**Required work:**
Skip the pictures. Give all the data again exactly.

**Data below:**
....

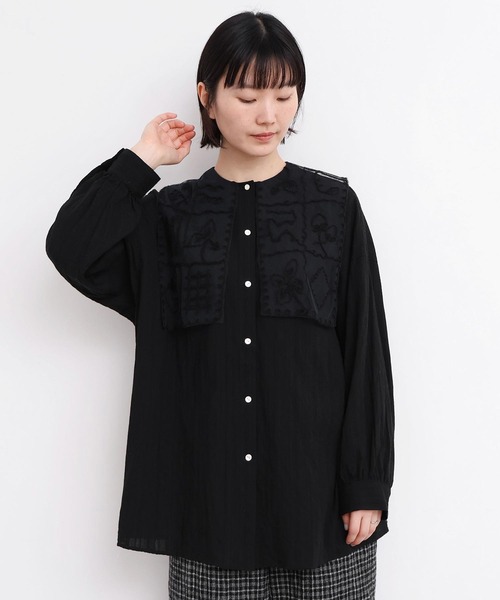 l'atelier du savon（アトリエドサボン）の「_いちごコード刺繍　しかく衿チュニックブラウス（シャツ/ブラウス・レディース・ピンク/ホワイト/ブラック/グレー・FREE）」の3枚目の写真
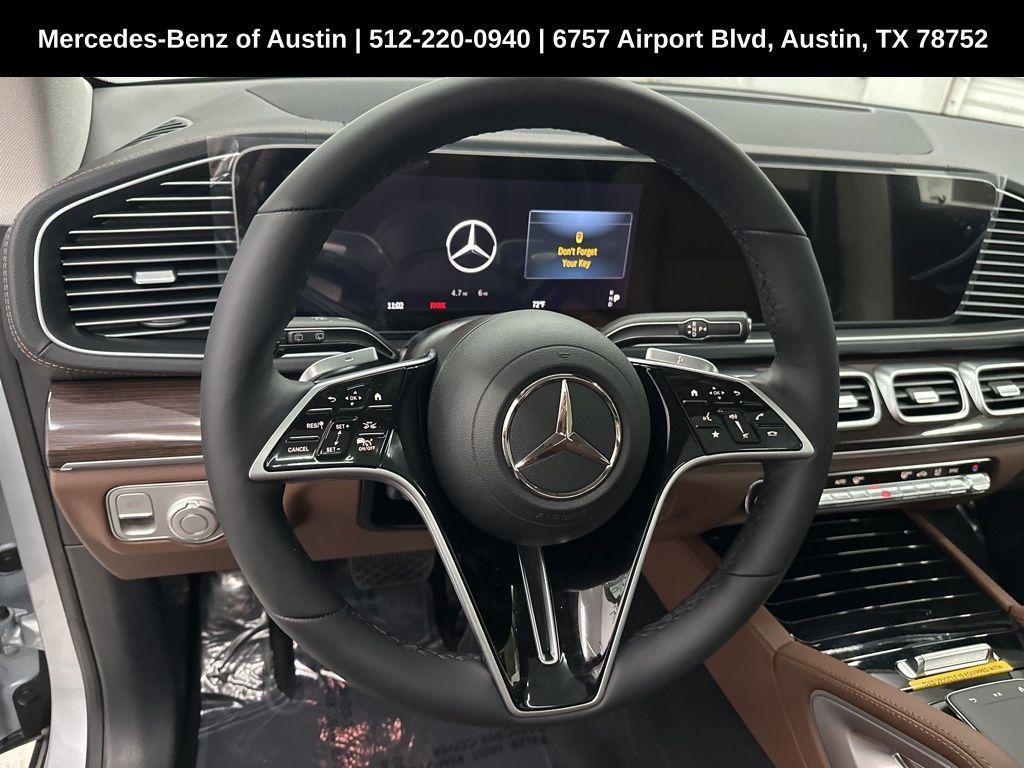 new 2025 Mercedes-Benz GLS 450 car, priced at $92,395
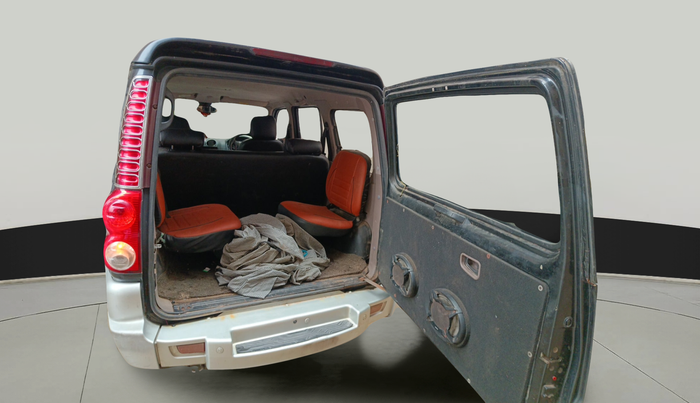 2012 Mahindra Scorpio VLX 2WD AIRBAG, Diesel, Manual, 1,20,741 km, exterior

....

**Response to this task:**
 l'atelier du savon（アトリエドサボン）の「_いちごコード刺繍　しかく衿チュニックブラウス（シャツ/ブラウス・レディース・ピンク/ホワイト/ブラック/グレー・FREE）」の3枚目の写真
 new 2025 Mercedes-Benz GLS 450 car, priced at $92,395
 2012 Mahindra Scorpio VLX 2WD AIRBAG, Diesel, Manual, 1,20,741 km, exterior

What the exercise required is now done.